L’Europe puissance fait à Versailles un grand pas en avant, ouvrant d’incertaines perspectives dans une sorte d’euphorie peu indulgente envers le doute.

– Les propos du président français en campagne électorale n’ont pas été beaucoup plus emphatiques que d’ordinaire. En plus des investissements lourds et durables dans la souveraineté énergétique, il a toutefois insisté sur les efforts de réarmement, l’autonomie de défense de l’Union faisant partie depuis longtemps de ses escadrons de bataille. « Vous voyez qu’il ne s’agit pas d’une fantaisie française», a-t-il ingénument précisé. En effet. L’Allemagne s’y est mise en grand. La Suède a abandonné sa traditionnelle neutralité, ce qui semble faire partie des acquis durables du côté de Bruxelles. L’Europe puissance fait un grand pas derrière l’armée et la dissuasion nucléaire françaises, ouvrant d’incertaines perspectives dans une sorte d’euphorie vertigineuse peu indulgente envers le doute.
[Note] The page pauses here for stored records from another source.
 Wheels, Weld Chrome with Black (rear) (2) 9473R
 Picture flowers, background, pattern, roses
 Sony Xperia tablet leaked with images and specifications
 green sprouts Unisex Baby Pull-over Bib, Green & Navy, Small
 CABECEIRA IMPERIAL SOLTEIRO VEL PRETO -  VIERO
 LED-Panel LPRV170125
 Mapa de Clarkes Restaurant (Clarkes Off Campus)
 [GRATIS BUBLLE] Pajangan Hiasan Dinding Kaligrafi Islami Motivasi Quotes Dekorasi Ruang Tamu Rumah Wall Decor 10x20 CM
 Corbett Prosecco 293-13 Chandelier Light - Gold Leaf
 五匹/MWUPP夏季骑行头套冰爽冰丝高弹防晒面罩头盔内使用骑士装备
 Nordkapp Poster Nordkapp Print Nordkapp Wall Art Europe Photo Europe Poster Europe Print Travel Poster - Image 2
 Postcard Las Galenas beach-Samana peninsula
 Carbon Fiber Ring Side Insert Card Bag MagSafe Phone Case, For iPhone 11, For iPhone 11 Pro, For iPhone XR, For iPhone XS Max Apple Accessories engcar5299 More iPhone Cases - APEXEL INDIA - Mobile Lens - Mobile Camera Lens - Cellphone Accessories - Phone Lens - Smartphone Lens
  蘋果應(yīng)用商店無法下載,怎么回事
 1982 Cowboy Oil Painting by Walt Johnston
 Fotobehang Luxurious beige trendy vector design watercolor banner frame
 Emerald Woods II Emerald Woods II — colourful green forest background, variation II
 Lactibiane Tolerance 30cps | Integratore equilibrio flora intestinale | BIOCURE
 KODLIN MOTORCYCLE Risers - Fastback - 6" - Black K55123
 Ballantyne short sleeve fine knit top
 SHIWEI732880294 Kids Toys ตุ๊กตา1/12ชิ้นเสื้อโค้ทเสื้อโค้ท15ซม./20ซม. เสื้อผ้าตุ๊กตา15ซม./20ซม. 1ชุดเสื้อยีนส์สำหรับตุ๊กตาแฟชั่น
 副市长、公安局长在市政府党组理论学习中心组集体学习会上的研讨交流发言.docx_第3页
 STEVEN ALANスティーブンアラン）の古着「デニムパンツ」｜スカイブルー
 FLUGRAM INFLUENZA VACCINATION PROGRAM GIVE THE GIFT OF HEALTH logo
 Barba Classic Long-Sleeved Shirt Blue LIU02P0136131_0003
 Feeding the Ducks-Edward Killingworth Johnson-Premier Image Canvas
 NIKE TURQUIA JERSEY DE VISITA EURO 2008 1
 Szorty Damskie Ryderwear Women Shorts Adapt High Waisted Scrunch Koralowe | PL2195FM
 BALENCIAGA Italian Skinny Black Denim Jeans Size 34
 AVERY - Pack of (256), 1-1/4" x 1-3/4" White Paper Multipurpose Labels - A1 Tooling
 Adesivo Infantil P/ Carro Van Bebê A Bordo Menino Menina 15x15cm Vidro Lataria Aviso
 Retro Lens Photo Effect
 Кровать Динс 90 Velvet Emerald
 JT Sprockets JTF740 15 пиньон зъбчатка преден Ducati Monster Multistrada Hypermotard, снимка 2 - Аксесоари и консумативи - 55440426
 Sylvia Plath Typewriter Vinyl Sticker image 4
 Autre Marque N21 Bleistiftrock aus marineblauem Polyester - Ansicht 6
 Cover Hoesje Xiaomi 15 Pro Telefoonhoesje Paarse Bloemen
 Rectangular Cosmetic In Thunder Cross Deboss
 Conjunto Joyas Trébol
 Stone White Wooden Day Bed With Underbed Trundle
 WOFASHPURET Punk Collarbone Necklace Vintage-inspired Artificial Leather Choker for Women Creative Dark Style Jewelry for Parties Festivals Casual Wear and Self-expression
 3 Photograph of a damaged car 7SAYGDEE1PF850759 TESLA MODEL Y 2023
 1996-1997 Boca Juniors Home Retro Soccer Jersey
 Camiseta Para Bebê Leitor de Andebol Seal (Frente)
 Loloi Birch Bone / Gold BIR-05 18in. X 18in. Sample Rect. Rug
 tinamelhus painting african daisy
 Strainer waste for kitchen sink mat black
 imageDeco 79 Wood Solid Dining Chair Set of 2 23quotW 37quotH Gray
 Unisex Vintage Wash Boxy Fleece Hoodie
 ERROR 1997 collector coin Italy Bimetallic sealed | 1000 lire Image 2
–  A noter aussi, dans le registre du goût, que la conférence de presse a bien eu lieu dans les fastes de Versailles, symbole de l’arrogance française en Europe (dans les pays germaniques en particulier, abondamment persécutés et pillés pendant près de deux siècles). Symbole également « d’une grande défaite de la paix », a précisé Macron en baissant les yeux, faisant allusion aux traités de Versailles « à la fin de la Seconde Guerre mondiale » (le lapsus n’a pas été relevé). Le moins que l’on puisse dire est que la leçon ne donne pas encore tout à fait l’impression d’avoir été retenue s’agissant de la Russie. Chaque chose en son temps. A noter aussi que la conférence de presse s’est tenue presque entièrement en français (von der Leyen, la moins loquace, switchant rapidement en anglais). Un journaliste anglophone a même demandé poliment la permission de poser une question dans sa langue de travail. Depuis Kohl, Mitterrand et Delors, la France et « sa place dans le monde » (formulation fétiche de Macron) ont rarement connu de momentum aussi favorable.

– A noter enfin que la question du financement des investissements dans la souveraineté énergétique et le réarmement du continent ont à peine été évoqués. Le pas de la mutualisation de certaines dettes ayant été franchi lors de la précédente crise, celui de la création monétaire « quoi qu’il en coûte » après 2008 déjà, Macron en a négligemment appelé à la Banque centrale européenne. Un détail par rapport à la gravité d’une situation globale qui inaugure « une nouvelle époque ». La parité euro-franc atteinte ces derniers jours n’est probablement qu’une étape. Les exportateurs suisses doivent s’attendre à affronter de sérieux problèmes de change ces prochains temps. Bien plus aigus que les sanctions européennes en Russie, sur lesquelles la Suisse s’est prudemment alignée.